[Start of section]

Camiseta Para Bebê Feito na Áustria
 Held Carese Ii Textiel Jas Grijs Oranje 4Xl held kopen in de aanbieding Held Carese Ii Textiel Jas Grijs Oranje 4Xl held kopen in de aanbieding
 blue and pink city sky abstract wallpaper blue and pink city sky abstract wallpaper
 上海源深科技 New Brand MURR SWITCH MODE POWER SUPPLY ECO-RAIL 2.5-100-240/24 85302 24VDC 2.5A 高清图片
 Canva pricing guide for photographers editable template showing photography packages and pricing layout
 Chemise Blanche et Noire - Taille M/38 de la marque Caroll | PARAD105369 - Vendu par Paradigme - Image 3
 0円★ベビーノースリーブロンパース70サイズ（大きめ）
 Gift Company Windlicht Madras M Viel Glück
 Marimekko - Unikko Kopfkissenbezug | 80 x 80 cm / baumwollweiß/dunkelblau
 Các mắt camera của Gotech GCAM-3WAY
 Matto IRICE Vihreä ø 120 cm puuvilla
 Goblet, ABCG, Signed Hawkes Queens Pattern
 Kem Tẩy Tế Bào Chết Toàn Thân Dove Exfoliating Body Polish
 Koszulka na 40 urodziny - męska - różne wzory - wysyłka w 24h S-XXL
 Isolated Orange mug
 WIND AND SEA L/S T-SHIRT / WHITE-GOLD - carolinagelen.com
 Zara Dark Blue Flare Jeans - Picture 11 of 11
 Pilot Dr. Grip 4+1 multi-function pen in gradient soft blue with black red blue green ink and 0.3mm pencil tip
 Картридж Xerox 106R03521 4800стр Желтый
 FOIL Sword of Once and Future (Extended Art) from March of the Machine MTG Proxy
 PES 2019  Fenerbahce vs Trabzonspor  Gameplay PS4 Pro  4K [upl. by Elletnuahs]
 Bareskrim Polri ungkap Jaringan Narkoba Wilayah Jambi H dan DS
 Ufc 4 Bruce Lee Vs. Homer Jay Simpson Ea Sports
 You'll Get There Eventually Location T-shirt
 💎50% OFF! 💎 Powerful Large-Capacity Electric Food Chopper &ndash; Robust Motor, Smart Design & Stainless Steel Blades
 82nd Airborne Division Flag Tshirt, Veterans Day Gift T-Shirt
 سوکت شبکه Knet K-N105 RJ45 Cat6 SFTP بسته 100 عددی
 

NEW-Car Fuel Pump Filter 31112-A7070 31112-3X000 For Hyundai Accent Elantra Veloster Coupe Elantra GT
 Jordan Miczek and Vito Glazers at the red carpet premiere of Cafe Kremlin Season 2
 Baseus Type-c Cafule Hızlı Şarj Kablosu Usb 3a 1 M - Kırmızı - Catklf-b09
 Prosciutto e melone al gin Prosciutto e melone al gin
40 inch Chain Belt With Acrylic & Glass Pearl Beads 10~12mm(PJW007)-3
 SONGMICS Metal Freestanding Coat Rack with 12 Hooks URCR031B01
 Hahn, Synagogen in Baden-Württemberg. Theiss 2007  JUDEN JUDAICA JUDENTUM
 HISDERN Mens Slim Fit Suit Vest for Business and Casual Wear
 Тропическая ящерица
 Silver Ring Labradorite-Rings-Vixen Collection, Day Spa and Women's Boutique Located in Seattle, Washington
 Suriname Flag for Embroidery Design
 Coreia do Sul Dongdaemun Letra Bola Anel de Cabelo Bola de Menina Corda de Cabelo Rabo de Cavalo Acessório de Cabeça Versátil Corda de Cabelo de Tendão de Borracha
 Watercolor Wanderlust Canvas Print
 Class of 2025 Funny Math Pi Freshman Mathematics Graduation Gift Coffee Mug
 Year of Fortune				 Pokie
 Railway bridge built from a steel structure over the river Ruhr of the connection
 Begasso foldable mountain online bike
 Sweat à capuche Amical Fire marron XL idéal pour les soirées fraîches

[End of section]

Work item ::
From the line with "Railway bridge built" to the last line of the material, give every line again exactly, and only those lines.

Exercise response ::
 Railway bridge built from a steel structure over the river Ruhr of the connection
 Begasso foldable mountain online bike
 Sweat à capuche Amical Fire marron XL idéal pour les soirées fraîches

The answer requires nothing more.